Experience has more than borne
out that conclusion. UNIFIL troops in southern Lebanon have never been willing
to risk irritating Hezbollah. UNIFIL filmed Hezbollah kidnapping three Israeli
soldiers from Israeli territory, for instance, and neither intervened nor
informed Israel. Even under a robust mandate under Security Council Resolution
1701 ending the Second Lebanon War, UNIFIL peacekeepers have not prevented
Hezbollah from amassing 50,00 rockets since the end of the fighting.
Not
only would peacekeepers not protect Israel, they would likely prove a hindrance
if and when Israel has to enter Palestinian-held territory in response to
Palestinian attacks. The very worst nightmare for Israel would be the
involvement of American peacekeepers.
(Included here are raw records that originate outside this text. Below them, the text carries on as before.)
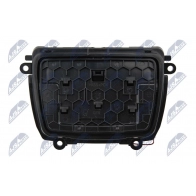 Пепельница NTY EZC-BM-132 1440410686 OD 6DF - Изображение 3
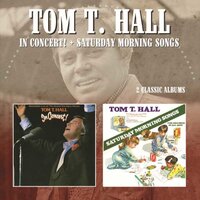 Pisty - Tom T. Hall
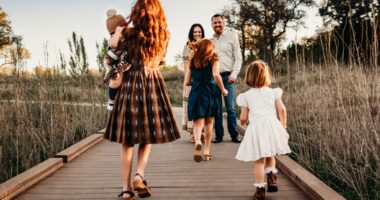 The Left Brainwashed Young Women To Reject A Husband And Family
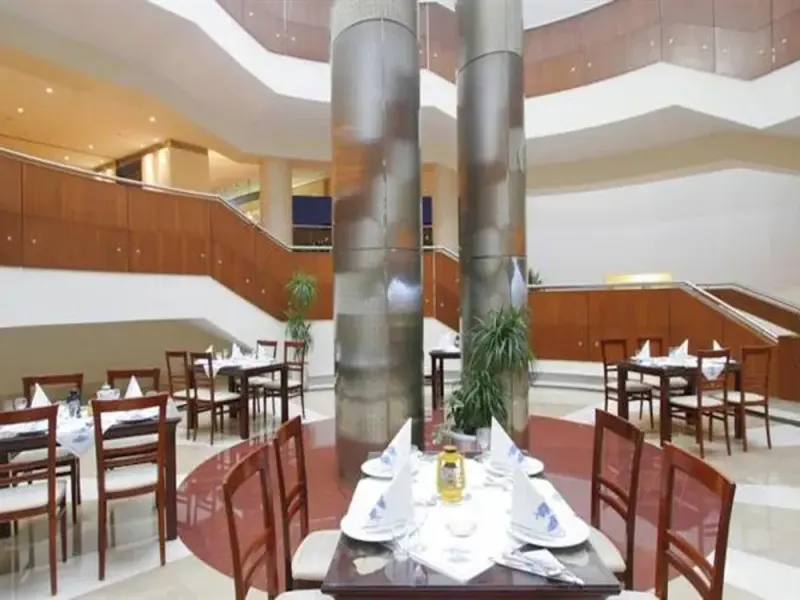 Grand Hotel Konya 18
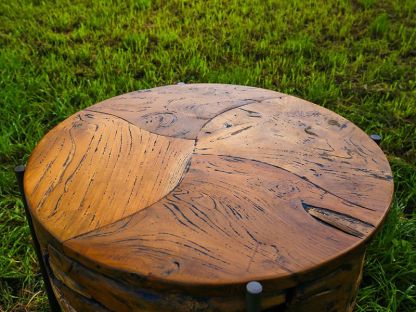 Rokka Side Table 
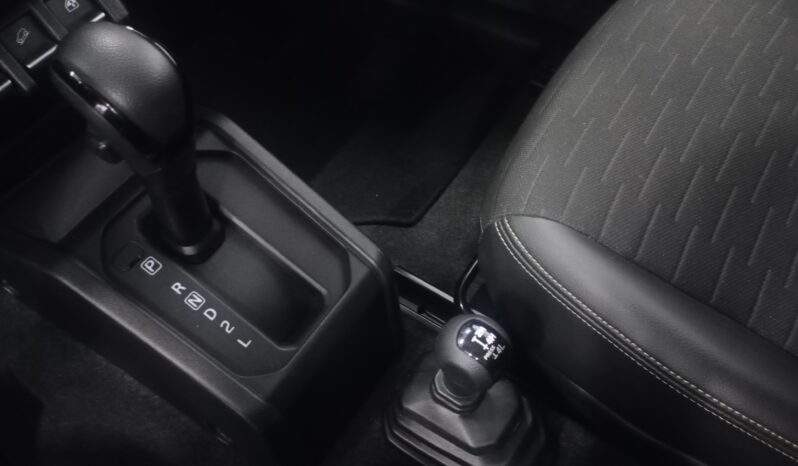 Suzuki Jimny Sierra 4You Allgrip 1.5 Aut. Gasolina 2024/2025 cheio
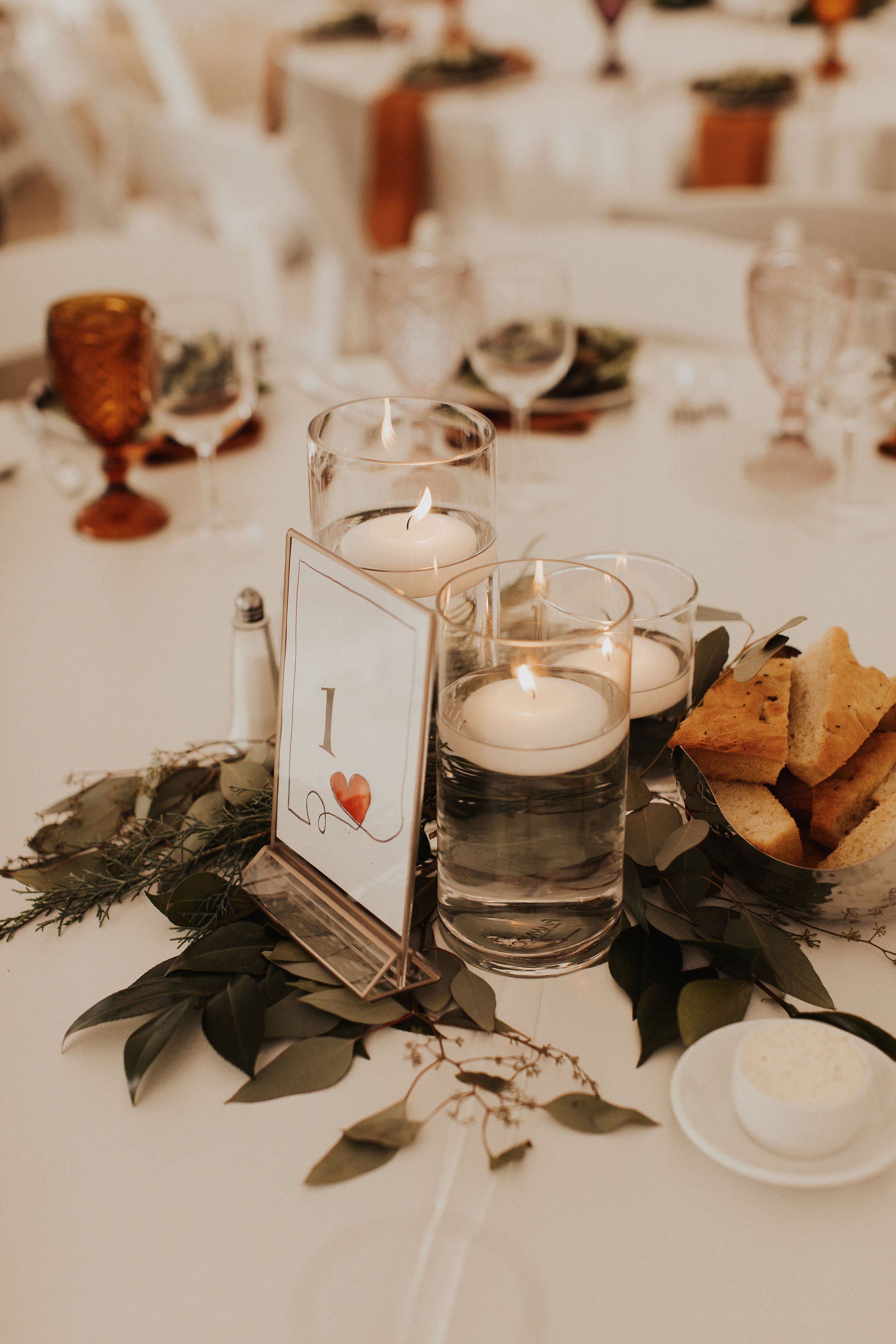 Private Home Wedding Planner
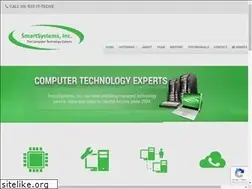 Sites similar to smartsystemsaz.com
If an American soldier were ever killed in
the course of an IDF retaliatory action against terrorists, the public opinion
fallout against Israel would be devastating.
BOTTOM LINE: Even if there
were not one settlement, Israel’s security needs cannot be reconciled with the
Palestinians’ current territorial demands and quest for full sovereignty. And
that’s why the settlements are ultimately irrelevant to peace.
The writer
is the director of Jewish Media Resources, has written a regular column in The
Jerusalem Post Magazine
since 1997 and is the author of eight biographies of
modern Jewish leaders.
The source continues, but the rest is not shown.